Because of that pricing, you're probably better off opting for one of the more standard 5G handsets that have now arrived on Verizon.
Samsung Galaxy S20+
The standard S20 isn't available in the US - presumably, Samsung feels that last year's handsets can do a job there - so the torch has been given to the Galaxy S20+ to lead the way. Yes, there's the S20 Ultra, below, but not everybody wants a maxxed out phone with a 100x zoom. The S20+ has most of its smarts, with a 6.7-inch screen only slightly smaller. And it still has a quad-camera setup, too, complete with 3x hybrid zoom and super-resolution 30x zoom.
Samsung Galaxy S20 Ultra
Verizon is offering the range-topping S20 Ultra in both 128GB and 512GB versions in cosmic gray and black. The 6.9-inch S20 Ultra has an incredible 108 MP camera with a 100x zoom which, although not strictly necessary, produces some quite unbelievable results. The 3,200 x 1,440 display is a punchy OLED screen with fast 120 Hz refresh rate for brilliant results. What's more, it's capable of 8K video recording, too.
Samsung Galaxy S10 5G
A Verizon exclusive to start with, the Samsung's S10 5G was Samsung's first 5G phone and remains an excellent choice with the ability to achieve great 5G speeds.
Available in silver and black, it's a very sizeable handset - there isn't a lot to choose between it and the Note 5G below - at 6.7-inches it's actually larger than many past Note series handsets. There's a distinctive front-facing dual camera that's an integral part of the display - you may find this irritating or not depending on your point of view. And you get a quad camera on the rear, too.
It's very different than the standard S10 inside with plenty of cooling so that the 5G hardware doesn't get too hot. Again it boasts Qualcomm's Snapdragon 855 platform and X55 modem (handsets outside the US are based on Samsung's own Exynos platform).
Samsung Galaxy Note 10+ 5G
The Note 10+ 5G is another large Samsung handset at 6.8-inches and opts for a single front camera punched high in the middle-top of the display. There's aslo a triple camera on the rear.

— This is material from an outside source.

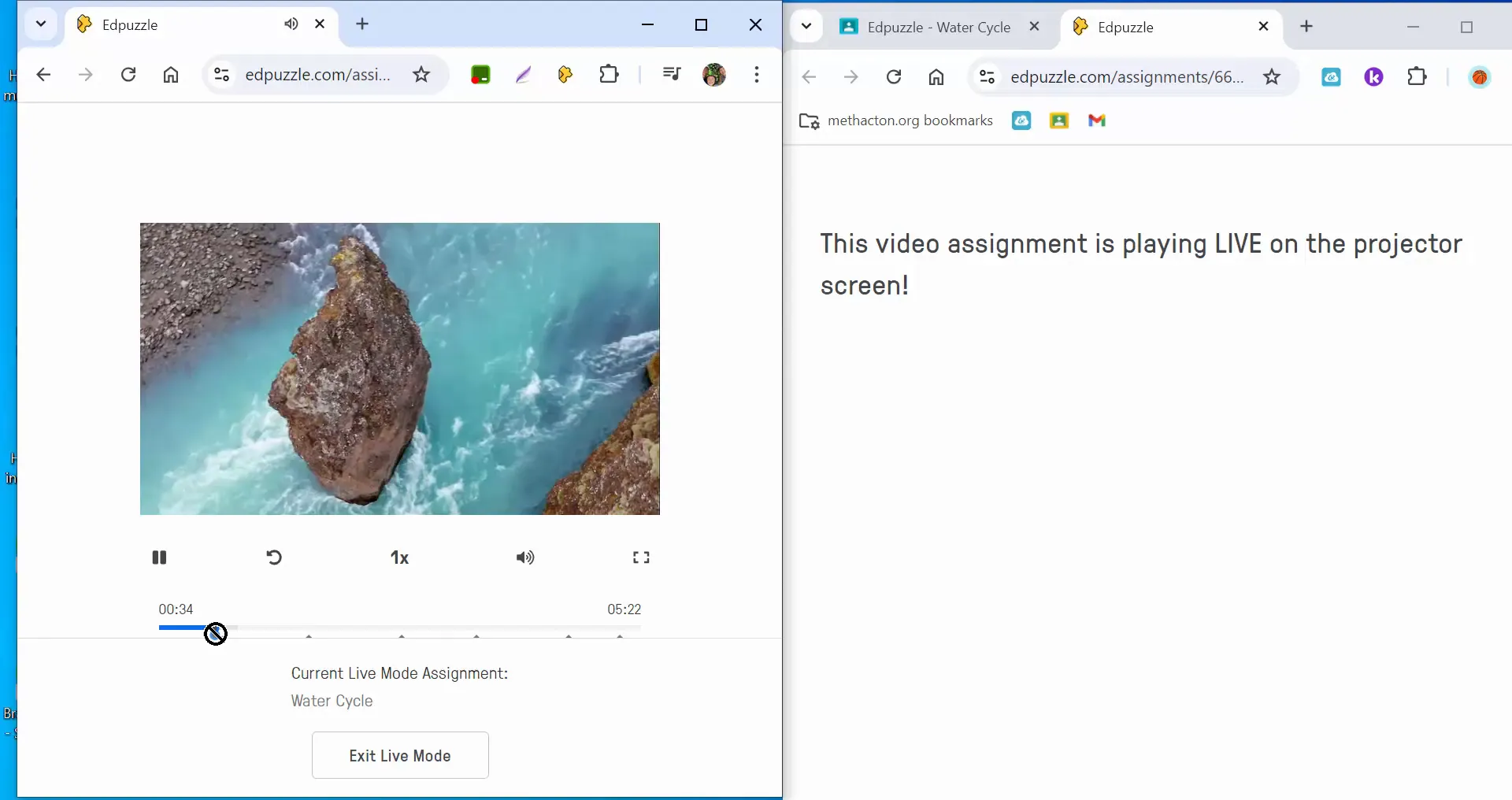 Engaging students in real-time with Edpuzzle Live Mode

Like every other Note phone there's ever been, Note 10+ 5G comes with the S Pen stylus. If you don't want to have a stylus with your phone then go for the S10 5G above instead because you're paying for a feature you don't need - you're paying a premium for this handset as it is.

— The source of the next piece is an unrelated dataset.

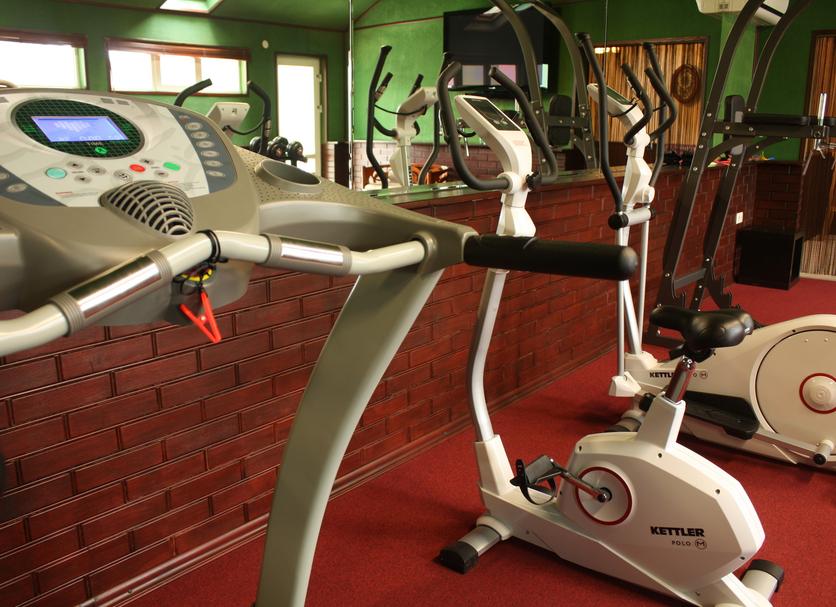 Fitnessbereich Foto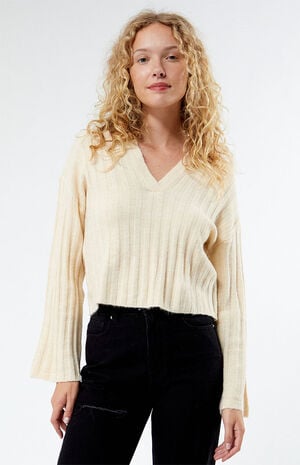 Flip Out Cropped Sweater image number 1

Again the US version of the Note 10+ 5G is powered by the Qualcomm Snapdragon 855 instead of the Samsung Exynos 9825 processor and 5G modem used elsewhere. You get a high-capacity 4,300mAh battery, too.
Verizon 5G coverage
Even though Verizon has rolled out 5G services in cities so far, the coverage is hit-and-miss to say the least and it's concentrated in very specific areas for now. We've even heard about being able to get 5G on one side of the street and not the other.
Verizon's 5G Ultra Wideband network - as it is calling it - uses the high-frequency mmWave (millimeter wave) technology also favoured by AT&T and T-Mobile (although not Sprint). However, unlike those other networks it doesn't yet have a mid-band offering, meaning it is prioritizing speed over coverage,
This means that performance is excellent and will mean that Verizon has more bandwidth, but it is harder to roll out than networks using the mid-band spectrum like Sprint and operators in other territories such as the UK.

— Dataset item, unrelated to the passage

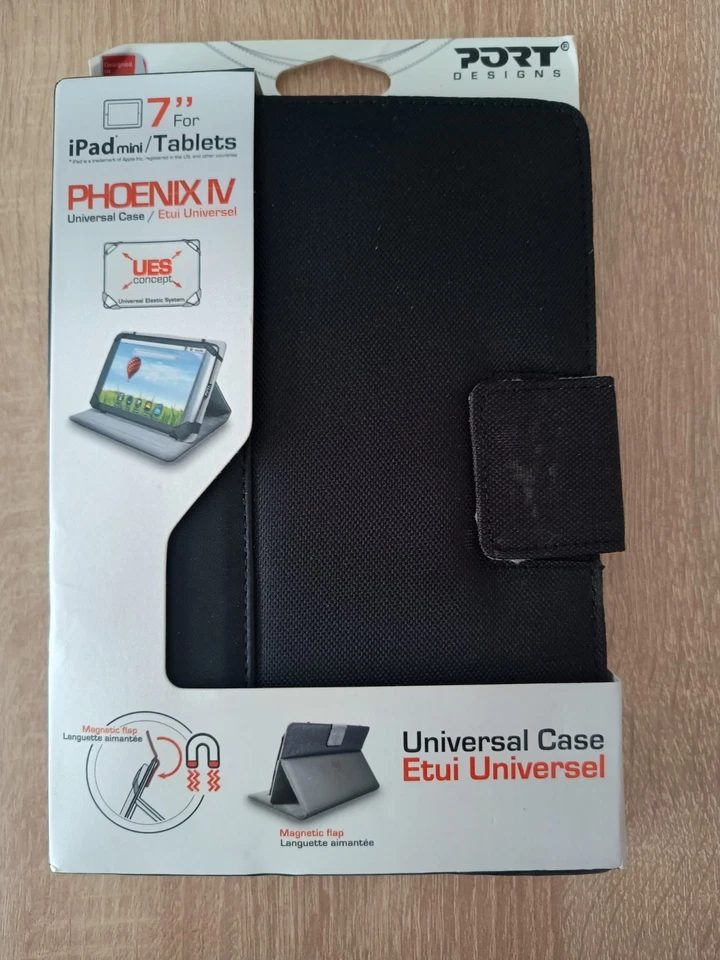 Universal 7" 8" Tablet Case Compatible with iPad Mini and Other Models - Image 1 of 1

Of course, one of the big benefits of 5G is vastly reduced latency and increased speed, and it's here that you see the difference with mmWave.
However, mmWave has a problem - while it's great for close-together cell sites in large cities, it's not so good for a rollout involving more rural areas (that's where the mid-band services that Sprint is offering have an advantage). And mmWave services work mainly outdoors at the moment.
However, through using spectrum sharing on 4G hardware, it is possible that a wider rollout can take place.
In terms of speeds seen so far, Verizon's videos show speeds in excess of 1Gbps at times, although you should expect speeds in the low hundreds of Mbps as normal, faster in specific areas.
Verizon 5G deals
You can access the 5G Ultra Wideband network on a 5G phone through three of Verizon's selection of four Unlimited plans.
Access to 5G Ultra Wideband is, strictly speaking, a premium add-on costing $10/month, but it is currently included free for a limited time if you buy a 5G phone, presumably to encourage more customers to take up a 5G phone.
The three tariffs are Play More Unlimited ($80/month), Do More Unlimited ($80/month) and Get More Unlimited ($90/month). The $70 Start Unlimited tariff isn't available for 5G. All the Unlimited tariffs include free access to Apple Music.
All of the Unlimited tariffs are restricted for streaming quality on 4G - Play More and Get More only give you 720p streaming which is poor. However, if you've added 5G onto the tariff you can stream unlimited video in 4K and also hotspot with no limits, too.
Verizon 5G Home Internet
Verizon 5G Home Internet is being offered in very limited areas for now but the Verizon provides its own 5G router, made by Wistron. Naturally, it is restricted to the areas that 5G service is available in - listed above.
The service is free for the first three months, after which it's $50 a month providing you have another current Verizon Wireless plan over $30. (If you don't have this, it's $70 per month).
Verizon says that it plans to bring the 5G Home service to everywhere it rolls out a 5G mobile network.
But a Verizon executive has been quoted by Light Reading as saying the rollout is now on hold pending a new generation of 5G equipment that will appear later in 2020. The new gear is at the customer end and not the network end. The new 5G routers will be able to pick up signals from base stations that are further away, meaning that the potential customer base is much greater as a result.
Ronan Dunne - executive vice president of Verizon's consumer business - mentioned Verizon's 5G Home target of covering 30 million US households within 5-7 years. We've heard that main number before, but it's good to hear that is still the target.
Verizon is being conservative with the duration of the target, primarily because the target market for 5G Home - those who live in suburban areas and other residential zones - aren't in locations where 5G networks are currently being built; most 5G rollout is taking place in dense urban areas.
Verizon 5G business
Verizon says the 5G era is all about fast, clear connections between people and devices and that there are huge benefits for businesses ready to step onto the wagon. Indeed, Verizon says that 5G Ultra Wideband is "paving the way for a new era of business innovations with ultra-fast speeds with ultra-low lag time, so your business will be able to compete like never before".
Verizon is also co-operating with other big network names globally including Telstra and Vodafone on a 5G specification group called the 5G Future Forum. The goal is to provide standardised practices so that businesses can rely on. The mission is defined as aiming to "accelerate the delivery of 5G and mobile edge computing" globally.
According to Ericsson's This is 5G report (PDF), speed and lower latency are among the key 5g attributes that will bring new opportunities to business as Verizon's network rolls out.